+++ Recorded data +++

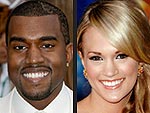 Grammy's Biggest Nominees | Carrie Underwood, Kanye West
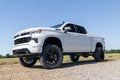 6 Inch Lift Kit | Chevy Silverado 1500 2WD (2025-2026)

+++
+++ Recorded data +++

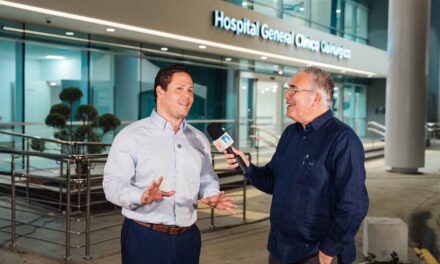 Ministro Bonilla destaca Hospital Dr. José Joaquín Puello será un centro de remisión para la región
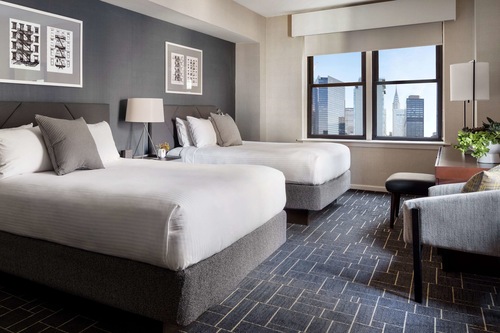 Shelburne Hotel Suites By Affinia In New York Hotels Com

+++
+++ Recorded data +++

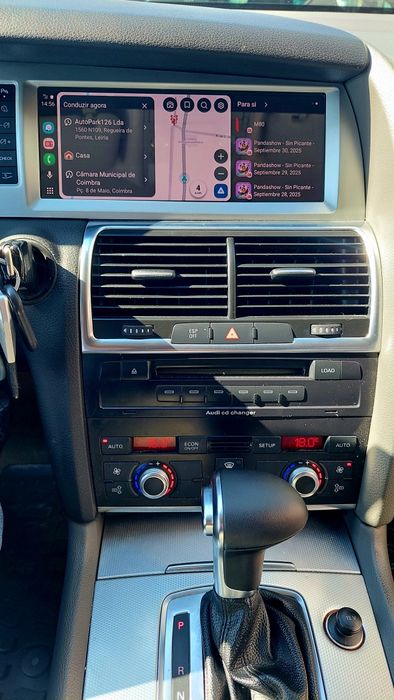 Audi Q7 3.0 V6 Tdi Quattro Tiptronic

+++

**Description of the task:**
What do the entries above read from the line containing "Ministro Bonilla destaca" through the line containing "Shelburne Hotel Suites"? Output those lines exactly, both ends included, with the pictures left out.

**Answer below:**
 Ministro Bonilla destaca Hospital Dr. José Joaquín Puello será un centro de remisión para la región
 Shelburne Hotel Suites By Affinia In New York Hotels Com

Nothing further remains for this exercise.